Global equity markets rallied on Monday after the United States and China agreed to a temporary truce in their protracted trade war, slashing steep tariffs for a period of 90 days. The pause, while celebrated by investors, left key structural disputes unresolved, fuelling caution among businesses and analysts.
Under the deal finalised during weekend talks in Geneva, the US will reduce tariffs on Chinese imports from 145 per cent to 30 per cent, while China will scale back its duties from 125 per cent to 10 per cent. The agreement, brokered by US Treasury Secretary Scott Bessent and his Chinese counterparts, marks a significant—but temporary—de-escalation in a conflict that had frozen nearly $600 billion in bilateral trade and shaken global markets.

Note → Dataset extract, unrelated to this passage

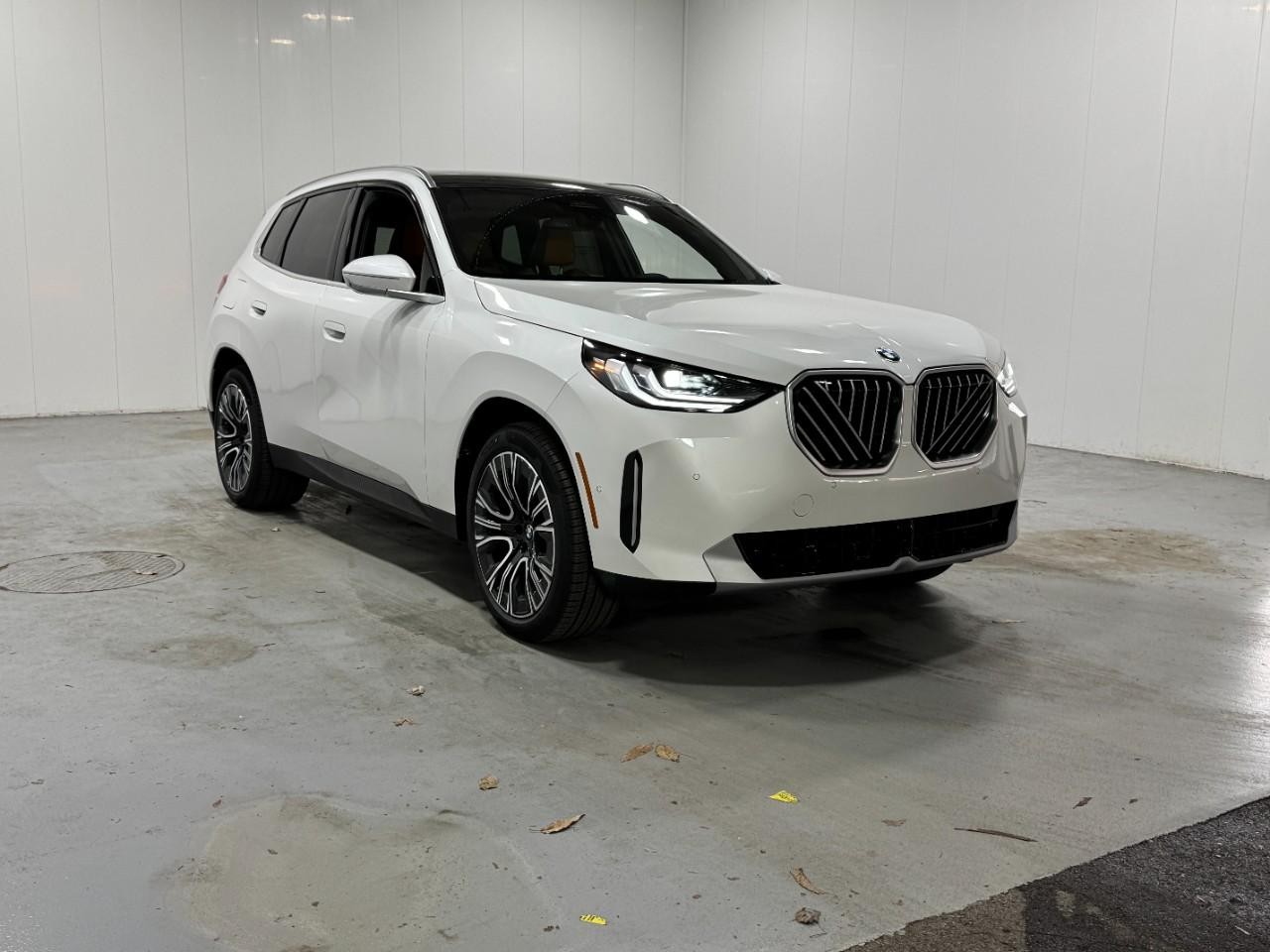 BMW X3 Vehicle Full-screen Gallery Image 6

Wall Street responded with a strong rally. The S&P 500 closed at its highest since March 3, and the Nasdaq Composite reached levels not seen since late February. The US dollar firmed on the news, while safe-haven gold prices fell, reflecting a sigh of relief among investors.
However, analysts warned the deal merely buys time rather than resolving fundamental rifts over trade imbalances, intellectual property protections, and market access.

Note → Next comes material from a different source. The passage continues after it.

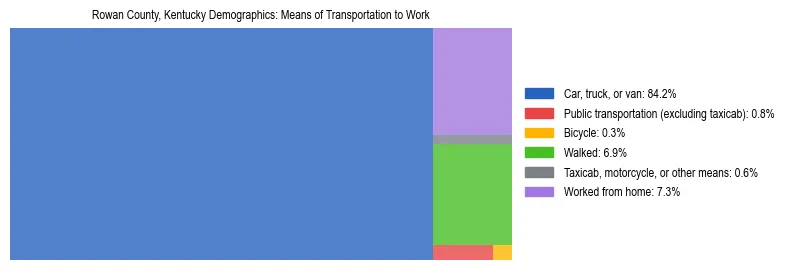 Treemap showing means of transportation to work distribution in Rowan County, Kentucky.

Underlying issues unresolved
President Donald Trump, who has long accused China of unfair trade practices and contributing to the US fentanyl crisis, hailed the agreement as a "win-win" for both countries.
“They've agreed to open China—fully open China,” Trump said during a briefing at the White House. “I think it’s going to be fantastic for both countries and great for peace.”

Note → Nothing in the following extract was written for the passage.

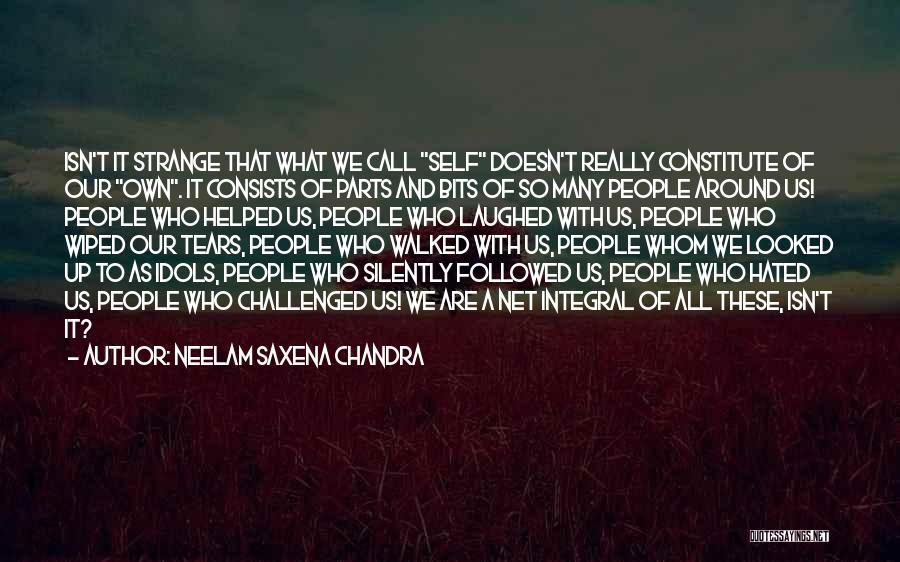 Constitute Quotes By Neelam Saxena Chandra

Despite the optimistic rhetoric, senior US officials acknowledged the limited scope of the agreement. “It will take years to reset Washington’s trade relationship with Beijing,” Treasury Secretary Bessent said in post-talks remarks. He added that the 90-day pause is meant to facilitate further negotiations without escalating the trade war further.
China’s state media also appeared to soften its stance. “Economic and trade cooperation between China and the US has a deep foundation, great potential, and broad space,” Chinese broadcaster CCTV noted, contrasting with its earlier confrontational tone.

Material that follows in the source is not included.